L'approvazione di un articolo o di un comma o la vittoria d'un quesito
referendario non sono state mai contemplate in questa casistica, ma ritengo che
possano logicamente rientrarvi. Impegnare il nome e l'intervento di Dio in
questi "ex voto" avrebbe piuttosto l'aria d'una provocazione e
sfiorerebbe la blasfemia violando il comandamento mosaico che fa divieto di
"nominare il nome di Dio invano".
L'oggetto della preghiera deve essere solo quello di chiedere a Dio che la sua
grazia discenda sull'orante, che lo aiuti a sopportare il dolore e la
sofferenza, che non lo induca in tentazioni, che lo liberi dal Male (cioè dal
peccato), che fortifichi il suo amore per il prossimo.
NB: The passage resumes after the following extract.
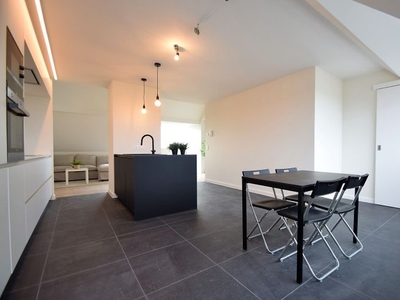 Kwalitatief afgewerkte penthouse, 210 m², 3 slpkrs, terras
Perciò lei fa benissimo, senatrice Binetti, a pregare affinché la grazia
discenda su Giuliano Ferrara (nella sua lettera al "Foglio" c'è
scritto anche questo) volendo, potrebbe anche cimentarsi a chiedere che la
grazia divina scenda su di me. Non me ne offenderei affatto e sarebbe carino da
parte sua.
Ma coinvolgere Dio nella discussione parlamentare, questo, gentile senatrice, è
una bestemmia di cui forse lei dovrebbe confessarsi. Però da un sacerdote
scelto a caso. Se va da sua eminenza Ruini sarebbe sicuramente assolta in terra.
In cielo non so.
Post scriptum. "Il giusto modo di pregare è un processo di purificazione
interiore. Nella preghiera l'uomo deve imparare che cosa egli possa veramente
chiedere a Dio, che cosa sia degno di Dio. Deve imparare che non può pregare
contro l'altro. Deve imparare che non può chiedere le cose superficiali e
comode che desidera al momento, la piccola speranza sbagliata che lo conduce
lontano da Dio. Deve purificare i suoi desideri e le sue speranze".
Queste parole si leggono nell'enciclica "Spe Salvi" di Benedetto XVI,
a pagina 64 nell'edizione dell'"Osservatore Romano". Le rilegga,
senatrice, e cerchi di capirne bene il senso. Soprattutto non si autogiustifichi:
il Papa, nella pagina seguente, ne fa espresso divieto.